--- Task to carry out ---
Produce a word-for-word copy of the lines from the one that contains "fixed shot of" to the final line of the data below, with all pictures dropped.
[Start of Attachment]
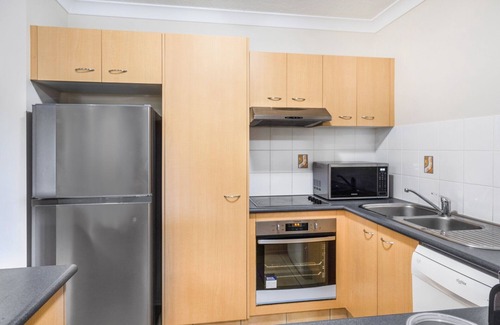 Mermaid Beach Apartment | 2-Bed Family Haven with Pools, BBQ & Playgrounds
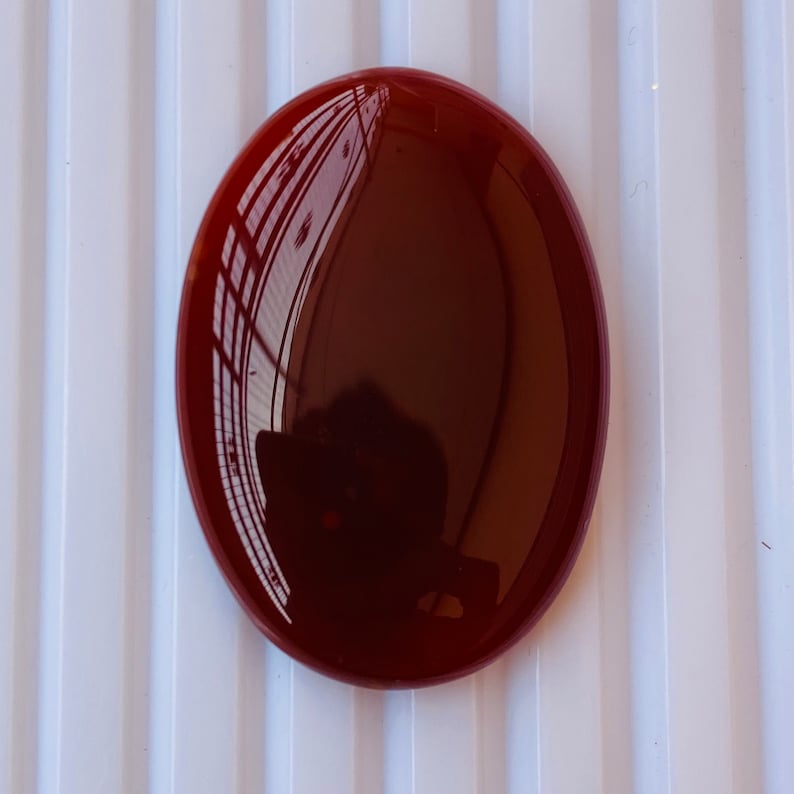 Puede incluir: Una piedra de cornalina roja redonda y lisa con un alto pulido. La piedra tiene forma ovalada y un color rojo intenso.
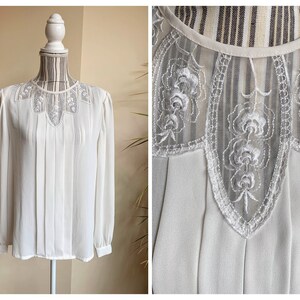 Puede incluir: Blusa blanca de gasa con cuello de encaje y mangas largas. El encaje tiene un delicado patr&oacute;n floral.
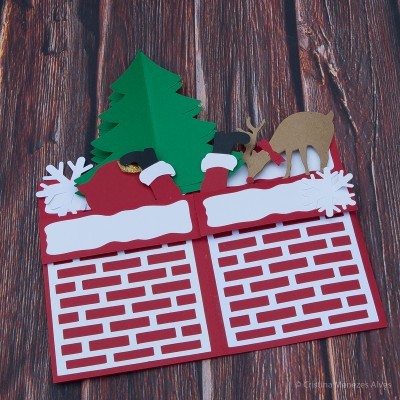 Cartão de Natal com chaminé, árvore e figuras de Papai Noel e veados em papel colorido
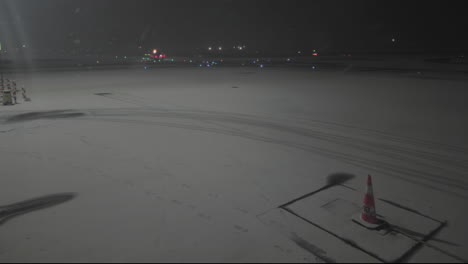 fixed shot of empty airport ramp covered in snow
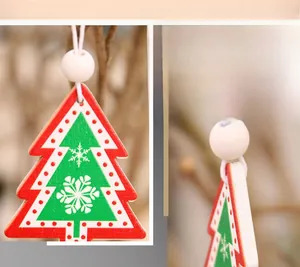 Detail view of a red snowflake pattern wooden Christmas tree ornament with a hanging bead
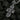 Front view of 925 sterling silver Orthodox cross pendant featuring Jesus Crucifixion and angel bail on black coal background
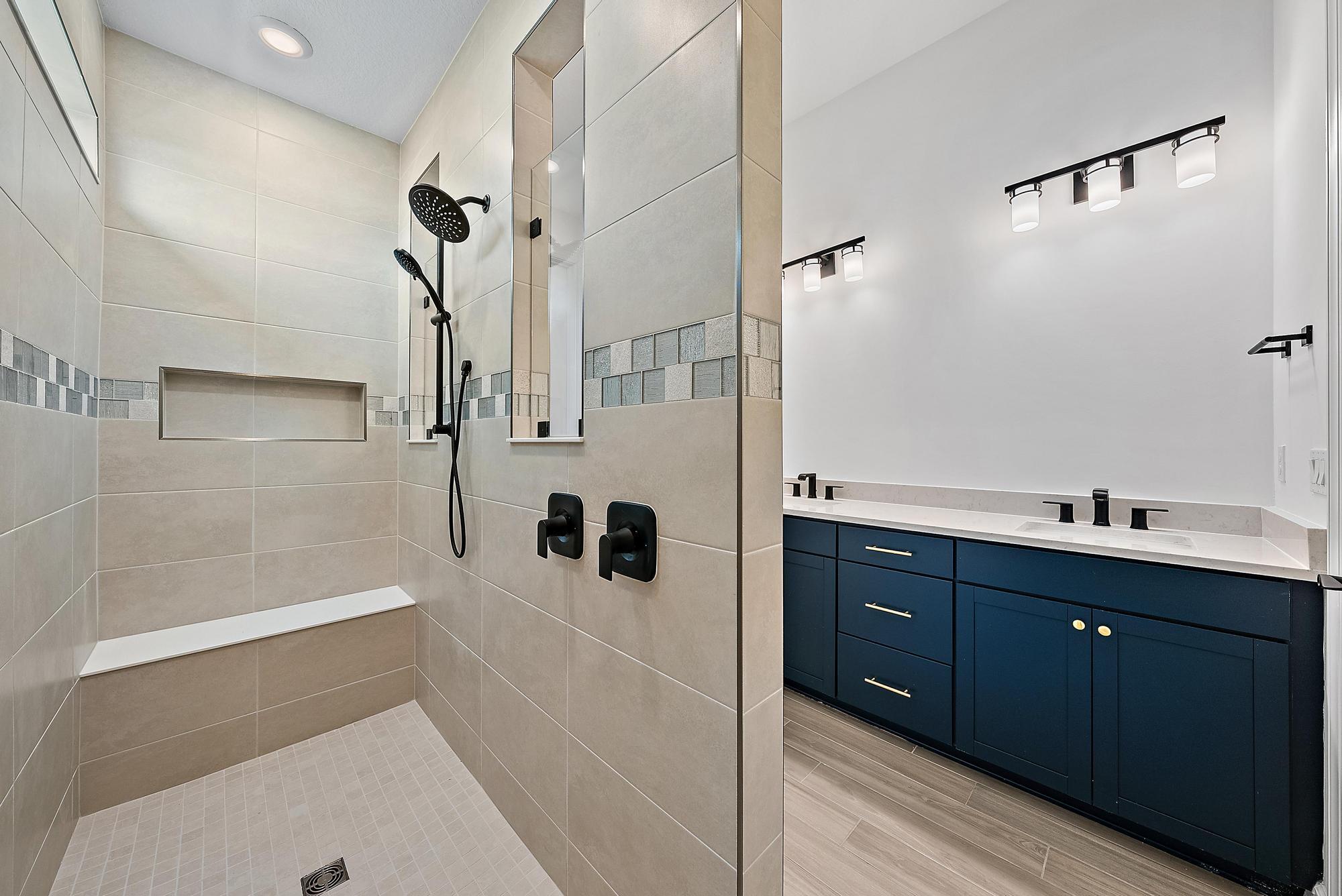 9801 Southwest Legacy Drive Stuart, FL 34997 - Photo 31 of 46 a bathroom with a tub sink and mirror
[End of Attachment]
--- Finished task ---
 fixed shot of empty airport ramp covered in snow
 Detail view of a red snowflake pattern wooden Christmas tree ornament with a hanging bead
 Front view of 925 sterling silver Orthodox cross pendant featuring Jesus Crucifixion and angel bail on black coal background
 9801 Southwest Legacy Drive Stuart, FL 34997 - Photo 31 of 46 a bathroom with a tub sink and mirror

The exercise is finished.